» Task objective
In the records below, find the line containing "Vape E-cigarette Smoke Sticker" and the line containing "IWHITE KOREA 8in1"; please repeat exactly the lines from one to the other, both included, and nothing more.

» Data for the task
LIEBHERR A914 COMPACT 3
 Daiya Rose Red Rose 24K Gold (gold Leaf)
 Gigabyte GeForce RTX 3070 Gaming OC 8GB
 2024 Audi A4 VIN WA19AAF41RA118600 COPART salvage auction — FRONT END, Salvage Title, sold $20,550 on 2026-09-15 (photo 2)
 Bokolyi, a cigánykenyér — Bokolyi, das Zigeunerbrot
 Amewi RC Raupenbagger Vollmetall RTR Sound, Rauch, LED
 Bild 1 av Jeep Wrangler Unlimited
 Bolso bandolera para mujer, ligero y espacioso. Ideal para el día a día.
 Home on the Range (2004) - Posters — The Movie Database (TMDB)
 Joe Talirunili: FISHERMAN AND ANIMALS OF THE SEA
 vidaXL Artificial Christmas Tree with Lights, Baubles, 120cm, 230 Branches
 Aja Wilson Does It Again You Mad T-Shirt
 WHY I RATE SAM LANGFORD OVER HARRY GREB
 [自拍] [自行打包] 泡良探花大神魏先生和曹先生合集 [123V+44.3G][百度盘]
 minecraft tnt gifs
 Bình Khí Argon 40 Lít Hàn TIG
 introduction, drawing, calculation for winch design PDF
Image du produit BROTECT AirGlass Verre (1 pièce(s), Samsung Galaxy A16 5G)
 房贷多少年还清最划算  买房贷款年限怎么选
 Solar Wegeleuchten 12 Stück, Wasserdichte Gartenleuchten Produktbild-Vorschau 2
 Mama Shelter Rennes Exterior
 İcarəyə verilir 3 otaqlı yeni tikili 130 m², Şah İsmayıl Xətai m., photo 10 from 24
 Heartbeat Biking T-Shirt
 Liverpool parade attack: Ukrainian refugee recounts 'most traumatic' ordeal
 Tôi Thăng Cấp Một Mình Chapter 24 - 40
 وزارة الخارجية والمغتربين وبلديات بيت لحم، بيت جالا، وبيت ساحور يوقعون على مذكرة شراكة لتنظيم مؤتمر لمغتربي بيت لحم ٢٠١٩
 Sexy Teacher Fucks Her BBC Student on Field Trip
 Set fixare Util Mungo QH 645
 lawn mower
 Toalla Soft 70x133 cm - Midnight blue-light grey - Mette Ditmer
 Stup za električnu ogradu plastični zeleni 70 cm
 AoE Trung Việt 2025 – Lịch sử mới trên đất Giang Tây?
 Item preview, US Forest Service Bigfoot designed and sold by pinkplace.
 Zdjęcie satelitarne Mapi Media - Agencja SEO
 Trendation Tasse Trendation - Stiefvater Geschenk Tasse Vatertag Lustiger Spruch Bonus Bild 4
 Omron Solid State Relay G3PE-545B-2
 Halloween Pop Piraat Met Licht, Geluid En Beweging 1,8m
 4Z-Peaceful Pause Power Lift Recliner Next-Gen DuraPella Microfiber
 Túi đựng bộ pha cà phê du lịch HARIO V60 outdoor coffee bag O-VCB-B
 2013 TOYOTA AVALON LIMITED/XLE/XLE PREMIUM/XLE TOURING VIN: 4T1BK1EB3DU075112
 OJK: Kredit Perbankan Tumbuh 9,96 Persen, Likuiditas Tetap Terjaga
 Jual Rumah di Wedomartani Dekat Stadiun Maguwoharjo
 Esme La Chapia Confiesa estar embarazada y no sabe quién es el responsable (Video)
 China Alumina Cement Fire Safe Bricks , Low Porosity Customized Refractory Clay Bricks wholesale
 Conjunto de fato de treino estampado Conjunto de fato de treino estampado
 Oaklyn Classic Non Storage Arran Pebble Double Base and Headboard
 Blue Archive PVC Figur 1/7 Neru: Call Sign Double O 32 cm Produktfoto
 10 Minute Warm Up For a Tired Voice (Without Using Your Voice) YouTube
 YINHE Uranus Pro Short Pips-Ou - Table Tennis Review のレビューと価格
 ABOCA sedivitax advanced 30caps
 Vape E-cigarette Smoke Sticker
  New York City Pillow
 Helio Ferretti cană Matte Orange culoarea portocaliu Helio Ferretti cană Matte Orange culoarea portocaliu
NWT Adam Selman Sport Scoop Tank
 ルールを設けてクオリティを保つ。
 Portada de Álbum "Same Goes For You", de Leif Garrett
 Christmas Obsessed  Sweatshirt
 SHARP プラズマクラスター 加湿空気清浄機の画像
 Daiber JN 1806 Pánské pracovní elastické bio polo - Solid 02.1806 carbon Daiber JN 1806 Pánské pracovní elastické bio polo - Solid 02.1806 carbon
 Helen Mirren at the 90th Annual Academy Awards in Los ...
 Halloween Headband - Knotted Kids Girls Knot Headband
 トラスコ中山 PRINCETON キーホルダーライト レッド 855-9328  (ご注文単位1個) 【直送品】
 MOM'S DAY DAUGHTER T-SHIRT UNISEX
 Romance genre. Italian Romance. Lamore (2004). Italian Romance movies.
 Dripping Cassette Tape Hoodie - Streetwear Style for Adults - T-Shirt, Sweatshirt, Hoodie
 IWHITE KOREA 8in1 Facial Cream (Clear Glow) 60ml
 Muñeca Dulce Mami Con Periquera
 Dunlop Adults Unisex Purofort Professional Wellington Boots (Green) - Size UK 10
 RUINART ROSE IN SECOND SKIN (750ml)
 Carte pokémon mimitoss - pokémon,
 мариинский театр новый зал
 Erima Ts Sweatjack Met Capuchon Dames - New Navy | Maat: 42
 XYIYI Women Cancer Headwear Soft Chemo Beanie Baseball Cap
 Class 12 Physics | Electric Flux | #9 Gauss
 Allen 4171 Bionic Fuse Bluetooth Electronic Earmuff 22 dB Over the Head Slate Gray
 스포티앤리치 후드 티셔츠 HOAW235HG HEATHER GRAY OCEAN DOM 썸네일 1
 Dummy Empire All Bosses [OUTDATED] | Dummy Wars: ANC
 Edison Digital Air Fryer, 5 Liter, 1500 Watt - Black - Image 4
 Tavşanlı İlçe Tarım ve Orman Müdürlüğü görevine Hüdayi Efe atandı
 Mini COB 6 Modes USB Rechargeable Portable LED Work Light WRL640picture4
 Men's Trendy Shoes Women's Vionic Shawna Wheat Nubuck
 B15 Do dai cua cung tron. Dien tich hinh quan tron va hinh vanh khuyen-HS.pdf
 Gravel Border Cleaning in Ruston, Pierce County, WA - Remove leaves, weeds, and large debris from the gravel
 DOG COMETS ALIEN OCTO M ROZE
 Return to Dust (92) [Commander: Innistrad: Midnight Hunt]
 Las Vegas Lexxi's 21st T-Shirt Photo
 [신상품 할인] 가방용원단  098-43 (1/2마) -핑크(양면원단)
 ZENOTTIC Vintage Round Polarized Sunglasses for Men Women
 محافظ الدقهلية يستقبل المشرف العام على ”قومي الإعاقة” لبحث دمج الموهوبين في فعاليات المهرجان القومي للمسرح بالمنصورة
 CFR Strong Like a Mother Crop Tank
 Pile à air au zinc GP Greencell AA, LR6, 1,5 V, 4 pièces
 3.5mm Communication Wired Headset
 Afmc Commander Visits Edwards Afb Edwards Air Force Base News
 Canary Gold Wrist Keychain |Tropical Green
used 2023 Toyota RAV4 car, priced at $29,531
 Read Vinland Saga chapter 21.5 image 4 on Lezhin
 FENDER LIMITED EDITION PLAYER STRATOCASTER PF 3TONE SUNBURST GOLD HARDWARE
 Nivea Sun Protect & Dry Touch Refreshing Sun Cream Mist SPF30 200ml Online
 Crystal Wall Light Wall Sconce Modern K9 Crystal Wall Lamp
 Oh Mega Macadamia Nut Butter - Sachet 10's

» Reply to the task
 Vape E-cigarette Smoke Sticker
  New York City Pillow
 Helio Ferretti cană Matte Orange culoarea portocaliu Helio Ferretti cană Matte Orange culoarea portocaliu
NWT Adam Selman Sport Scoop Tank
 ルールを設けてクオリティを保つ。
 Portada de Álbum "Same Goes For You", de Leif Garrett
 Christmas Obsessed  Sweatshirt
 SHARP プラズマクラスター 加湿空気清浄機の画像
 Daiber JN 1806 Pánské pracovní elastické bio polo - Solid 02.1806 carbon Daiber JN 1806 Pánské pracovní elastické bio polo - Solid 02.1806 carbon
 Helen Mirren at the 90th Annual Academy Awards in Los ...
 Halloween Headband - Knotted Kids Girls Knot Headband
 トラスコ中山 PRINCETON キーホルダーライト レッド 855-9328  (ご注文単位1個) 【直送品】
 MOM'S DAY DAUGHTER T-SHIRT UNISEX
 Romance genre. Italian Romance. Lamore (2004). Italian Romance movies.
 Dripping Cassette Tape Hoodie - Streetwear Style for Adults - T-Shirt, Sweatshirt, Hoodie
 IWHITE KOREA 8in1 Facial Cream (Clear Glow) 60ml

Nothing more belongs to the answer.